Nothing outside the range is to be copied. From the entries below, reproduce exactly the lines starting at the one with "Lotus Seedpod Ceramic Incense Holder" and ending at the one with "thumbnail image 1", without pictures.

» GIVEN DATA
>>>

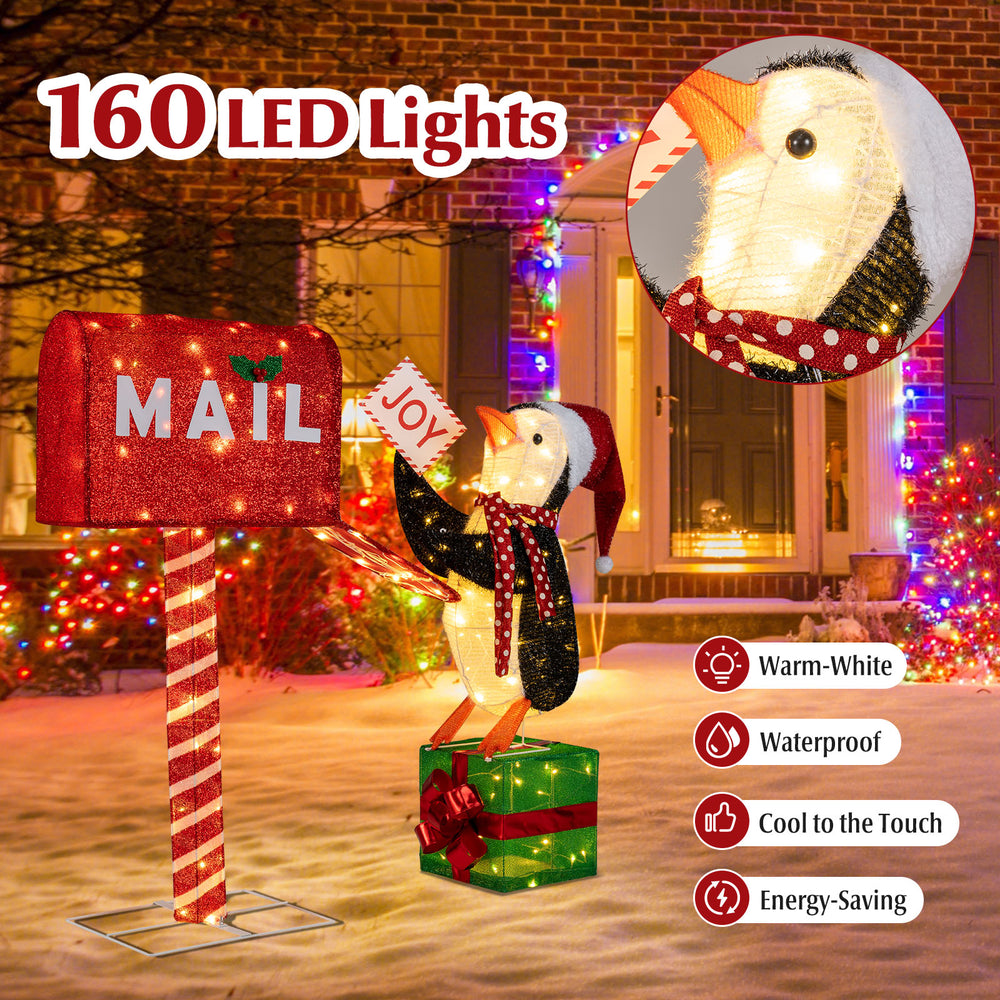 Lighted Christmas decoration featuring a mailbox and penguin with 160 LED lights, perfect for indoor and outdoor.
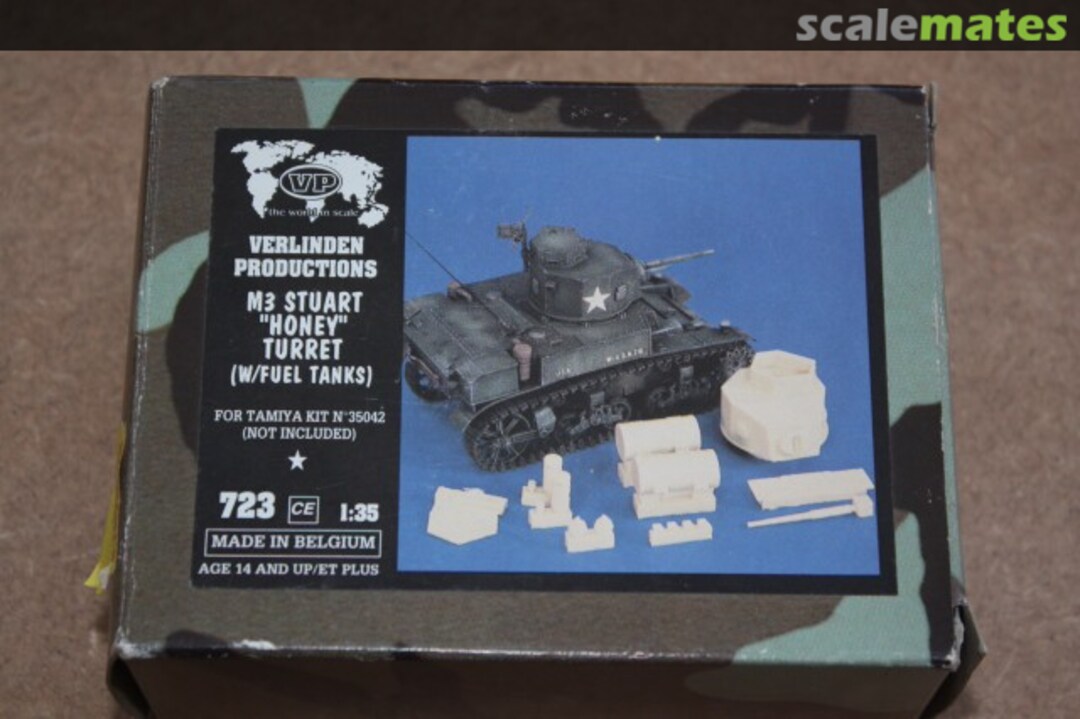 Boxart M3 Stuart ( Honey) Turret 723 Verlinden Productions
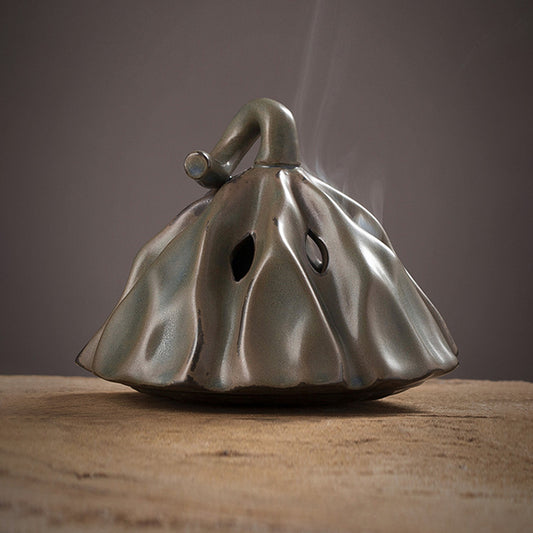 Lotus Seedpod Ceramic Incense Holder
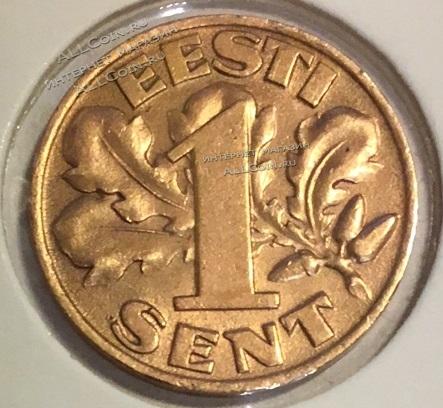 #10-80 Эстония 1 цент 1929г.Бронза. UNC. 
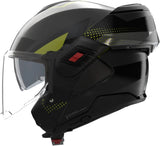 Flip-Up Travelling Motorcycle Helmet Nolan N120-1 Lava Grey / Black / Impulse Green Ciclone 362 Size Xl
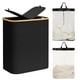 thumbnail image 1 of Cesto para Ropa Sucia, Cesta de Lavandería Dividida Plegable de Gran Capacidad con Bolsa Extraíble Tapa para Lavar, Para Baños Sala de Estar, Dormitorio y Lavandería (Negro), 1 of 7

<<<
>>>

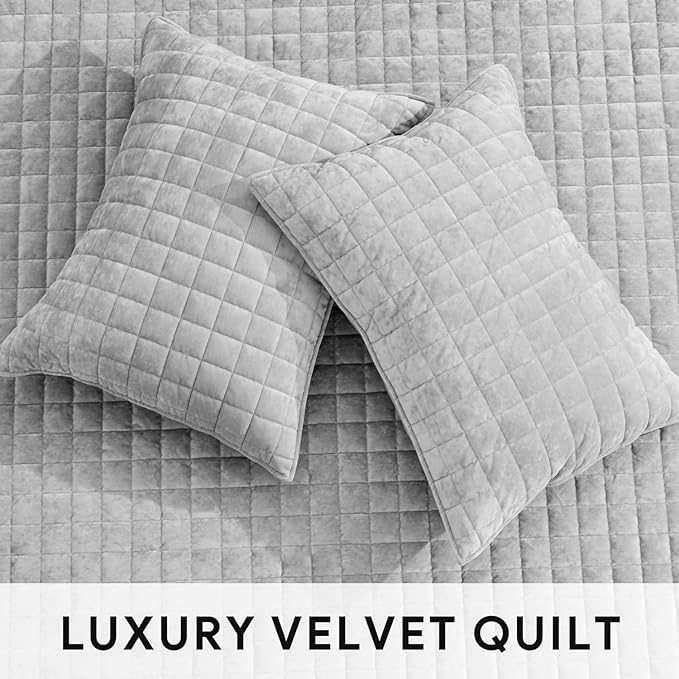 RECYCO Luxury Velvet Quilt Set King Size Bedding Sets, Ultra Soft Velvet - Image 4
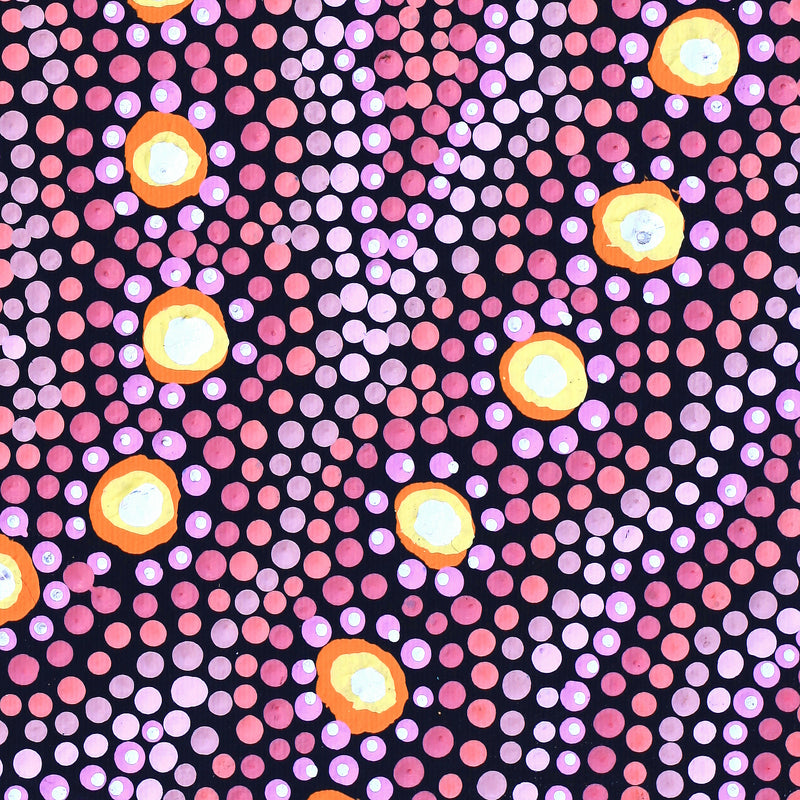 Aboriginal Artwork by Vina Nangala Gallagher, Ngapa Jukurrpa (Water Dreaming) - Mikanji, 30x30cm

<<<

» ANSWER BOX
 Lotus Seedpod Ceramic Incense Holder
 #10-80 Эстония 1 цент 1929г.Бронза. UNC. 
 Flip-Up Travelling Motorcycle Helmet Nolan N120-1 Lava Grey / Black / Impulse Green Ciclone 362 Size Xl
 thumbnail image 1 of Cesto para Ropa Sucia, Cesta de Lavandería Dividida Plegable de Gran Capacidad con Bolsa Extraíble Tapa para Lavar, Para Baños Sala de Estar, Dormitorio y Lavandería (Negro), 1 of 7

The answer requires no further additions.